Thanks all for the replies.   Im looking at the buds now and they are doing pretty well.   Average about 65% and tighting up.  Still not crisp to the touch but the stems are brittle.   Ive not sampled yet but im not to concerned.  My grow situation, like everyones I imagine, is unique.   I have to find my own way to manage the time and process.  Just getting experience with how the buds look, smell and feel as they dry has been educational.  Looking at some growers drying process pictures, with big ass colas from expertly grown photo period plants, and I see how cola size, stem thickness, etc., all are going to effect drying time.  My plants are autos and smaller overall and that makes a difference.  I just need to learn what works for my situation.  Its just practice I think.


----------



## TheVoice (Nov 15, 2021)

I’m curious what happens if you simply drop a lower number RH pack in the jars. They should just pull the moisture out slowly right? If your room RH is say 60, and you jar with a 49 or 32 rh pack, it should cut jar moisture by half? And storage in a jar , with no air moving doesn’t mathematically upset the balance unexpectedly since you control the pop of the top. As long as the jars stay sealed, they should dry uniformly w no mold…. Is my guess… esp bc it would eliminate the need for a fan to promote additional air drying. I’m just stabbing in the dark but if anyone can help, I’d appreciate the feedback. I think space for anyone is always an issue.


----------



## ROSTERMAN (Nov 15, 2021)

Bubba said:


> Ok...I much prefer slow cure but what ever floats your boat, and you end up with smoke.
> 
> Laying them out can take days before jarrable. The fan did you in.
> 
> Bubba


I never aim the fan at my buds never ever
But do leave one on low speed pointed away from the branches drying .


----------



## Bubba (Nov 17, 2021)

ROSTERMAN said:


> I never aim the fan at my buds never ever
> But do leave one on low speed pointed away from the branches drying .

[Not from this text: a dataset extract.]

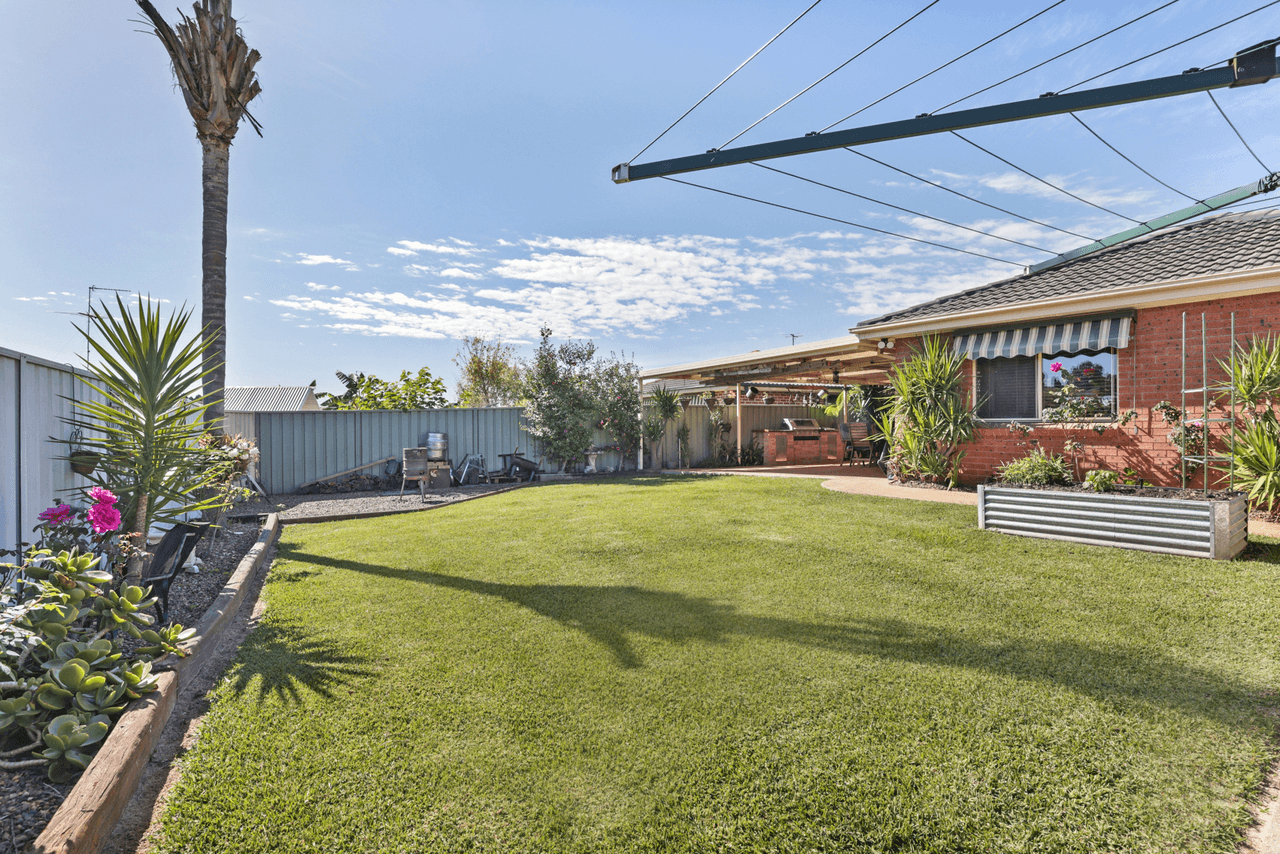 35 Mari Close, GLENMORE PARK, NSW 2745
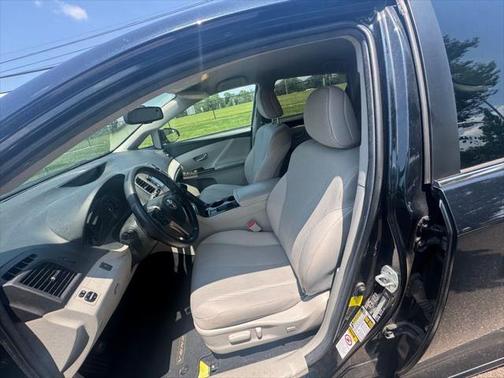 2013 Toyota Venza LE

I've had trays of buds inside tent with infinity fan on low...
Not blowing on weed, just normal exhaust fan.

Bubba


----------



## TheVoice (Dec 15, 2021)

ROSTERMAN said:


> I never aim the fan at my buds never ever
> But do leave one on low speed pointed away from the branches drying .


Thanks… I’d never aim at either, besides dry speed, fans move air and dirt… and that’s a setup when ur batch is sticky, as it should be.


----------



## ROSTERMAN (Dec 15, 2021)

Bubba said:


> I've had trays of buds inside tent with infinity fan on low...
> Not blowing on weed, just normal exhaust fan.
> 
> Bubba


I have used a Bud drying bag rack
It drys the buds much faster than when left on stem to hang, but if you watch carefully works good


----------



## TheVoice (Dec 15, 2021)

TheVoice said:


> I’m curious what happens if you simply drop a lower number RH pack in the jars. They should just pull the moisture out slowly right? If your room RH is say 60, and you jar with a 49 or 32 rh pack, it should cut jar moisture by half? And storage in a jar , with no air moving doesn’t mathematically upset the balance unexpectedly since you control the pop of the top. As long as the jars stay sealed, they should dry uniformly w no mold…. Is my guess… esp bc it would eliminate the need for a fan to promote additional air drying. I’m just stabbing in the dark but if anyone can help, I’d appreciate the feedback. I think space for anyone is always an issue.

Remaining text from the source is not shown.